(TASK STATEMENT) In the listing that follows, retype every line from the first through the one containing "Stylish blue shower". Pictures are to be left out.

(PROVIDED RECORDS)

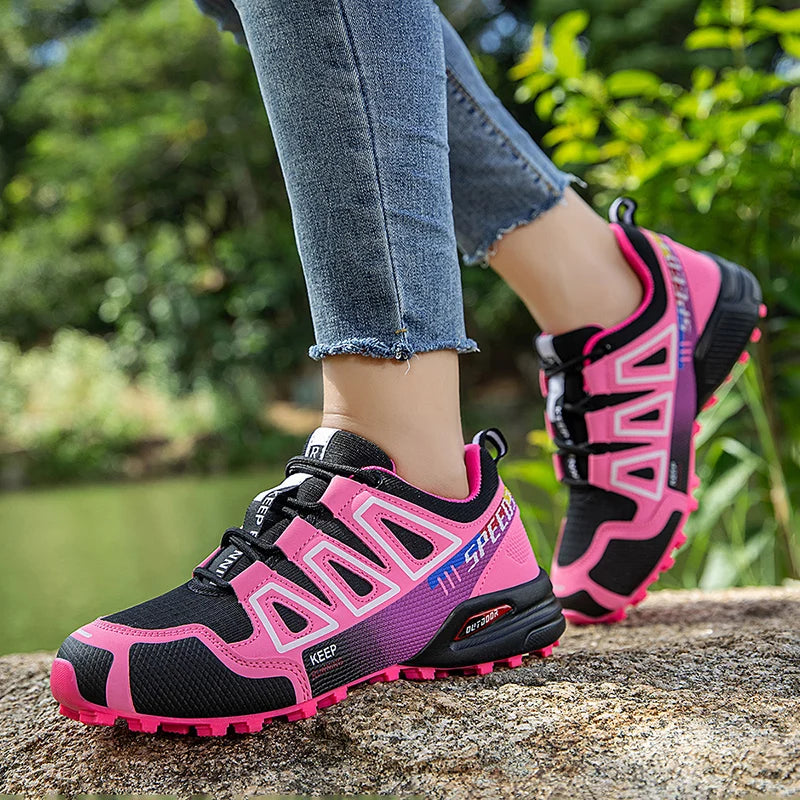 Scarpe da trekking da donna per attività outdoor, scarpe sportive da escursionismo, scarpe tattiche da caccia antiscivolo, scarpe da arrampicata traspiranti con lacci, ciclismo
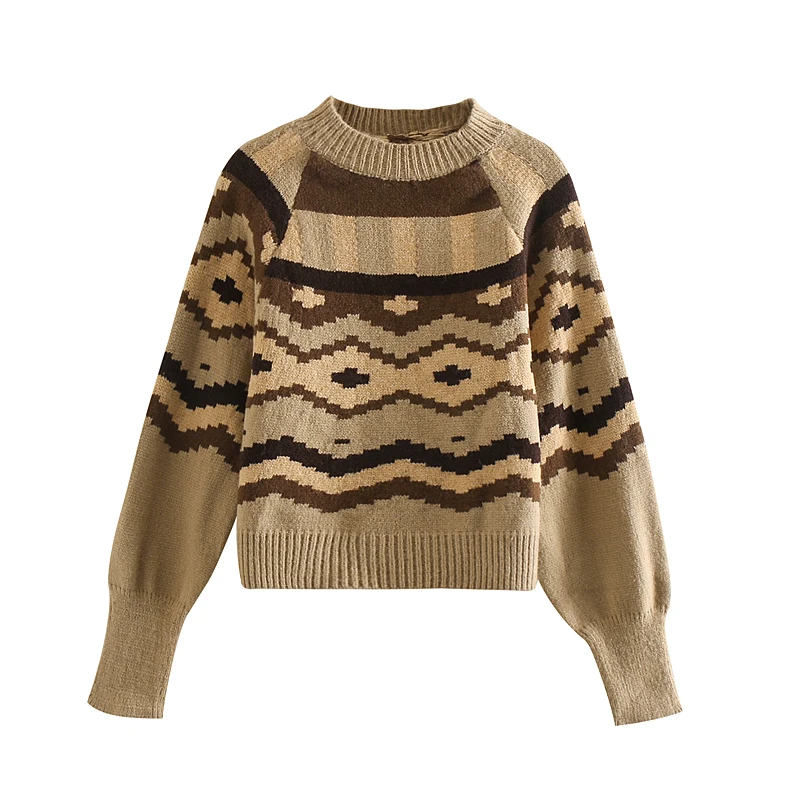 Звездный Светлячок, повседневный Свободный Полосатый свитер с круглым вырезом и рукавами-фонариками, женский свитер, Осенний шерстяной жаккардовый женский свитер - Цвет: brown sweater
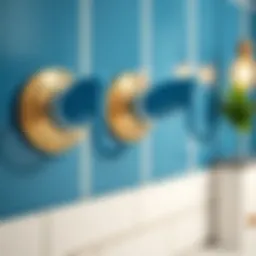 Stylish blue shower hooks enhancing bathroom decor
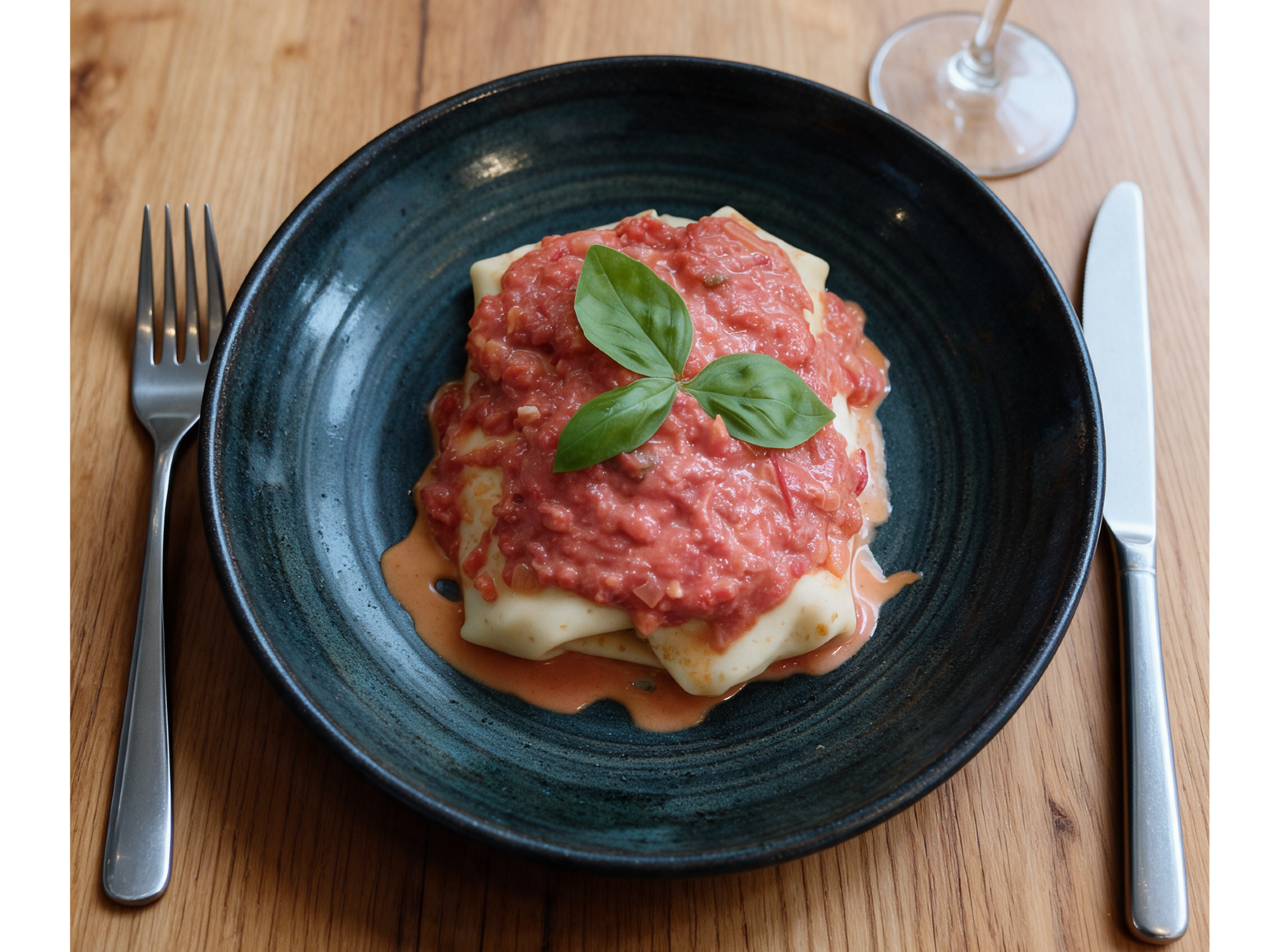 CANELONES DE RICOTA, MUZZARELLA Y JAMÓN CON SALSA ROSA
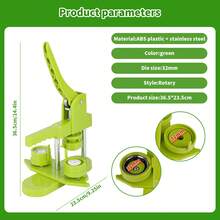DIY Button Machine Set: 32mm Badge Press With 100 Button Parts And Cutter For Creative Projects - Green - View 9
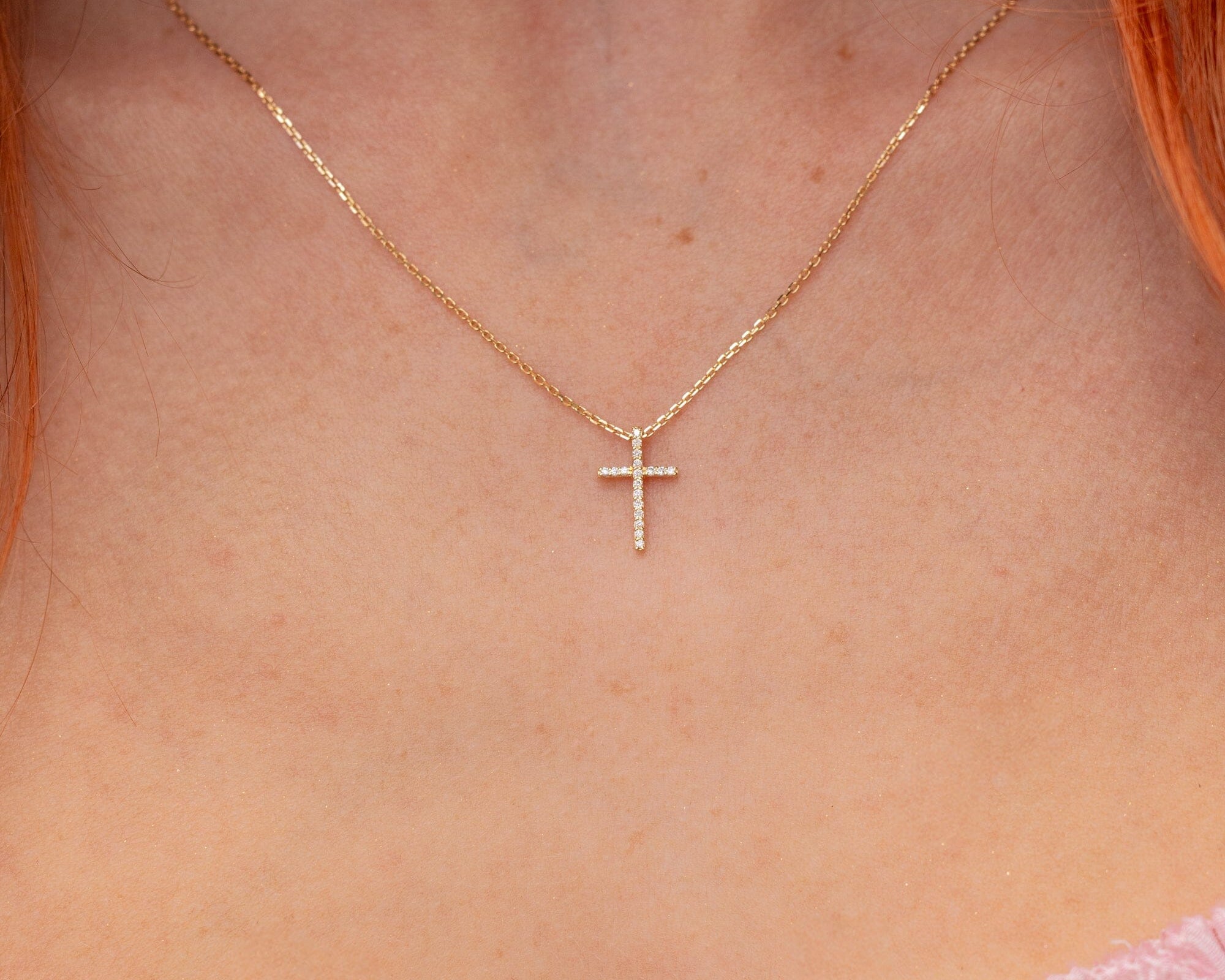 Skinny Diamond Cross Necklaces Princess Bride Diamonds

(TASK RESULT)
 Scarpe da trekking da donna per attività outdoor, scarpe sportive da escursionismo, scarpe tattiche da caccia antiscivolo, scarpe da arrampicata traspiranti con lacci, ciclismo
 Звездный Светлячок, повседневный Свободный Полосатый свитер с круглым вырезом и рукавами-фонариками, женский свитер, Осенний шерстяной жаккардовый женский свитер - Цвет: brown sweater
 Stylish blue shower hooks enhancing bathroom decor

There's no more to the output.